苦しい中、最後の抵抗として断食をしているおばあさんたちは、最低限の安定 した空間も確保できず、ふとん一枚で夜の冷気の中にいる。その上、警察は彼 らを保護するテントの搬入を認めず、そこから1メートルも隔てない場所で盾を 持つ兵力を立たせている。断食中のおばあさんの生命が危険な状況なのは明白 なのに、公権力から保護や安全措置を受けるどころか、人間としての最低限の 尊重も受けられないまま、そのまま放置されているのだ。

[出処:チャムセサン資料写真]

国家権力の原則、絶対に彼らが定めた限度を越えてはいけない

権力に対する密陽おばあさんの期待は崩れた。国家権力の暴力性、一生を農業 だけで生きてきた密陽のおばあさんたちが、どうして知っているだろうか? 今、 密陽765kV送電塔反対闘争の過程で彼女たちが一生を通じ体で学んだ社会と隣人 への愛情や愛情がこもった批判が拭えない傷や怒りとなって、一日で崩れてい るのだろう。

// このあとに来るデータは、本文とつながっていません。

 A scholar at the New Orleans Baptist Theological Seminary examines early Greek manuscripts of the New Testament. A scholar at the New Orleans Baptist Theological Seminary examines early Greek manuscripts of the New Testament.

無学な農民の密陽のおばあさんが悪いのでなければ国家がしっかり解決すると いう信頼が壊れたのだ。希望はともかく、国民としての基本的な権利と、約束 された期待さえ、きちんとこたえられない。まったく妥協も共感もない国家権力、 彼らの原則だけが乱舞する所、密陽!

外部勢力、密陽のおばあさんのすさまじい叫びに共感しよう

抑圧される人に力を貸すための最大の行為は共感だ。しかし密陽を通じ、共感 ではなく侮辱の時代であることを痛感する。生きることが本当にばかばかしい 何ものかになり、嘲弄の対象になった時代を生きている。密陽のおばあさんたちが 低い声で話すこと、ただ栽培して隣人とともに老いていくことが、「国家」から 共感を受けられない「危険な行為」になるのだ。

密陽のおばあさんがただ栽培して隣とともに老いていくことが犯罪になる時代、 原子力ではない代案エネルギーで未来の世代、そして私たちの世代が明るく 健康に、希望を夢見ることが容認されない時代、対話と共感の機会が与えられず 一方的な言語と暴力だけが一般化される時代が、密陽おばあさんたちから告発 されている。こうした状況で「外部勢力」は何をするべきか? 何よりも密陽の おばあさんたちと共感しなければならない。密陽おばあさんたちの低い声が 一人だけの孤独な声ではなく、社会的な響きになるようにしなければならない。 密陽のおばあさんたちの共感と対話の叫びに連帯しよう!その時、共感は 「行動」になる。

原文(チャムセサン)

翻訳/文責:安田(ゆ)
著作物の利用は、原著作物の規定により情報共有ライセンスバージョン2:営利利用不可仮訳 )に従います。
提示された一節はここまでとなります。